Afin de proposer un récit alternatif, Karima Moual a publié un opus, présenté au Maroc à l’occasion du Salon international de l’édition et du livre (SIEL 2024) à Rabat, dans le cadre de la programmation du Conseil de la communauté marocaine à l’étranger (CCME). Intitulé «Il freddo in Africa e altre storie di un’Italia nata altrove» (Le froid en Afrique et autres histoires d’une Italie née ailleurs) aux éditions Luiss University Press, cet ouvrage est né du sentiment du devoir de l’autrice à confronter les représentations sur les migrants, associés à la criminalité, à la délinquance et au communautarisme. Pour cela, elle a regroupé 11 témoignages de citoyens italiens issus de la diversité. Chacun raconte son parcours singulier, incarnant une histoire de réussite.
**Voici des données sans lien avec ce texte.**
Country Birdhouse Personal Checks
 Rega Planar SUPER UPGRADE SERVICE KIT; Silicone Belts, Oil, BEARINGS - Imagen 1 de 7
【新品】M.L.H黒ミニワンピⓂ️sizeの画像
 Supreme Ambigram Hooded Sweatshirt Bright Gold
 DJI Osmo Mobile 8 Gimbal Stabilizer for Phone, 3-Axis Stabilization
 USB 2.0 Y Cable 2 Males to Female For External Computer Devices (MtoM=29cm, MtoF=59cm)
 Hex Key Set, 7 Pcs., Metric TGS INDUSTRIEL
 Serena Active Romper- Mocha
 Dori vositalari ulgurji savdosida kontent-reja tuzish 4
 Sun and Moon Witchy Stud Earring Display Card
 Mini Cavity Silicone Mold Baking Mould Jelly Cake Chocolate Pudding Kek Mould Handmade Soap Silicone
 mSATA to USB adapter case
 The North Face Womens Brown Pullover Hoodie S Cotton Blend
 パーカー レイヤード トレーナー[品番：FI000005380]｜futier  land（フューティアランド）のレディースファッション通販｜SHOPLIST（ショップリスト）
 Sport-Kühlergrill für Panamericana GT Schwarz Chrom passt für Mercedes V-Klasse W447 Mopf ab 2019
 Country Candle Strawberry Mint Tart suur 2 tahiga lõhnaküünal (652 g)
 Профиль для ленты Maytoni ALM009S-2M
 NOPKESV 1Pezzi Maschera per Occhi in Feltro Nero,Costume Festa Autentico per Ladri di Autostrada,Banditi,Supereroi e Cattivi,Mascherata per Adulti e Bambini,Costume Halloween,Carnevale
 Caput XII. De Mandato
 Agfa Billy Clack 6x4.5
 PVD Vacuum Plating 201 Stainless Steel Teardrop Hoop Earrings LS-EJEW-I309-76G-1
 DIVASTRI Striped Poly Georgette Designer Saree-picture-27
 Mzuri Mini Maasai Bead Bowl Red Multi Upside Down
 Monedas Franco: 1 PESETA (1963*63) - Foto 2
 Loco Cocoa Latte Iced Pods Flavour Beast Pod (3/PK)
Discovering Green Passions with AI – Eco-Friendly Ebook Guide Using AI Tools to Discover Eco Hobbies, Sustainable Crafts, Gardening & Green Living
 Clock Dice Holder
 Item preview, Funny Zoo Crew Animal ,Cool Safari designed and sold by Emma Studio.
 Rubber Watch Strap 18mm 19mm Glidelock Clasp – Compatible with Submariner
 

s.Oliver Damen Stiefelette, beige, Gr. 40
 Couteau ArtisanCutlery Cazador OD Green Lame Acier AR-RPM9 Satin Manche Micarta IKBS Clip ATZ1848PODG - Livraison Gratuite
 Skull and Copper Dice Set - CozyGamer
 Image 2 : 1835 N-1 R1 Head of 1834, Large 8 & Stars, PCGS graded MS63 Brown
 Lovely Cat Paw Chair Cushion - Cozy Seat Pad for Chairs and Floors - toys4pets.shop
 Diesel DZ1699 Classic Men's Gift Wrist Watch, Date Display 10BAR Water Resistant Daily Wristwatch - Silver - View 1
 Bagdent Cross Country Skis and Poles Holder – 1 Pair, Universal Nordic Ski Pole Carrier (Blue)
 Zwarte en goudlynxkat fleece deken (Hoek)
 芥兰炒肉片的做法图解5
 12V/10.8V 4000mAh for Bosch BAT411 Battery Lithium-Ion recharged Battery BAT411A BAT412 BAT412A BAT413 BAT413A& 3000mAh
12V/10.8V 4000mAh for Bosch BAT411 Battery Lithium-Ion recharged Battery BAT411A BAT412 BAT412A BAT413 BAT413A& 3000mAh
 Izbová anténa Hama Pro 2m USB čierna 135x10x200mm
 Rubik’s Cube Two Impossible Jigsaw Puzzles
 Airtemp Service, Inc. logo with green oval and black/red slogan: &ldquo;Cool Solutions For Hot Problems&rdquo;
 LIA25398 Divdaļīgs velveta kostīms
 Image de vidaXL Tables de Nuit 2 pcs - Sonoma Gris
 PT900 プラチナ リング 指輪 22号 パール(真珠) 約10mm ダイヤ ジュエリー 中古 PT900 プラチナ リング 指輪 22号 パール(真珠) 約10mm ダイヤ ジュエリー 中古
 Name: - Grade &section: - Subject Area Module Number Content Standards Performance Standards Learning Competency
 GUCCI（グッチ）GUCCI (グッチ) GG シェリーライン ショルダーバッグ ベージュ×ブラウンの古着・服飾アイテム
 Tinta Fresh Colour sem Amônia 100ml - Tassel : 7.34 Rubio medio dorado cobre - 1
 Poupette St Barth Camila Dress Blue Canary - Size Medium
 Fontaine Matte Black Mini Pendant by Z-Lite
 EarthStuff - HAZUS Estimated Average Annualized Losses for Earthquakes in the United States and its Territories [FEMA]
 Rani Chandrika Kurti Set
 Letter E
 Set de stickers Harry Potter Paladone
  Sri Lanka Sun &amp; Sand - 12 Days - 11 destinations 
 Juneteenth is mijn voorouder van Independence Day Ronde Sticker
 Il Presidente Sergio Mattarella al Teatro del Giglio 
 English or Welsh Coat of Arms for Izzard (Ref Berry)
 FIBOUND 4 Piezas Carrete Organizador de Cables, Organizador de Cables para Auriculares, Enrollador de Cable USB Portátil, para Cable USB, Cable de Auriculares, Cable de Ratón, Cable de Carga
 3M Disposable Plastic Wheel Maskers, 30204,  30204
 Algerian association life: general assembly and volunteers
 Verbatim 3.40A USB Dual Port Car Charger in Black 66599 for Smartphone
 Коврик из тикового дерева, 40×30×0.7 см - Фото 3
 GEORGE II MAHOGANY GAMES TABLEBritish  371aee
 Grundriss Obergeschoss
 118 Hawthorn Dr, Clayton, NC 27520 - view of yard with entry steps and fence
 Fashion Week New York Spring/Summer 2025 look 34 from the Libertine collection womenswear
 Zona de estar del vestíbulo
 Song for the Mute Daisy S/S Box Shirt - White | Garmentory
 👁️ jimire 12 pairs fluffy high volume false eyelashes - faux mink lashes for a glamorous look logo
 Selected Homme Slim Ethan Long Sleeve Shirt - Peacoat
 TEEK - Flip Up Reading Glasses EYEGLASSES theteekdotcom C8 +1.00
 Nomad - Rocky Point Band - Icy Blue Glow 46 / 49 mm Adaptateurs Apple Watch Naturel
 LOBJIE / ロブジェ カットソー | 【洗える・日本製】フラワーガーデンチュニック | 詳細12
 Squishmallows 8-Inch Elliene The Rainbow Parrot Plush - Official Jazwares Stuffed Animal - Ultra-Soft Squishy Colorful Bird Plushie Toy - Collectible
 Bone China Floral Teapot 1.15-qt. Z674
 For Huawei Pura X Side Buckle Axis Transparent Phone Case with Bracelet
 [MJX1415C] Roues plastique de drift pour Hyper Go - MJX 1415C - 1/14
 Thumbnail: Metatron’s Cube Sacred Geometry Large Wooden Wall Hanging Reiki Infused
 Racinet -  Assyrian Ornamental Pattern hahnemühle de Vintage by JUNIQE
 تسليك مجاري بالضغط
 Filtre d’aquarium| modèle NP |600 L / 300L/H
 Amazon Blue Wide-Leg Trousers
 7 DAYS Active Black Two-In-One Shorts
«J’ai choisi d’y représenter des concitoyens aux bagages culturels différents, en fonction des double-nationalités que nous avons en Italie. On y découvre des personnes de familles chinoise, albanaise, polonaise, de pays d’Afrique dont le Maroc, du Moyen-Orient… Ces parcours illustrent aussi des repères chronologiques sur l’Histoire de l’immigration, des années 1970 à aujourd’hui.»

Karima Moual

En outre, cet ouvrage aborde «l’évolution des politiques, le regard sur l’ici et l’ailleurs…». «J’ai voulu surtout mettre en avant les entrepreneurs, qui participent au prestige du Made in Italy comme au développement économique de leurs pays d’origine», nous explique l’autrice. Pour elle, «c’est un livre sur le courage, le sacrifice, la persévérance, le rêve, l’audace et le travail par lequel se distinguent des femmes et des hommes, qui construisent l’Italie et savent d’où ils viennent».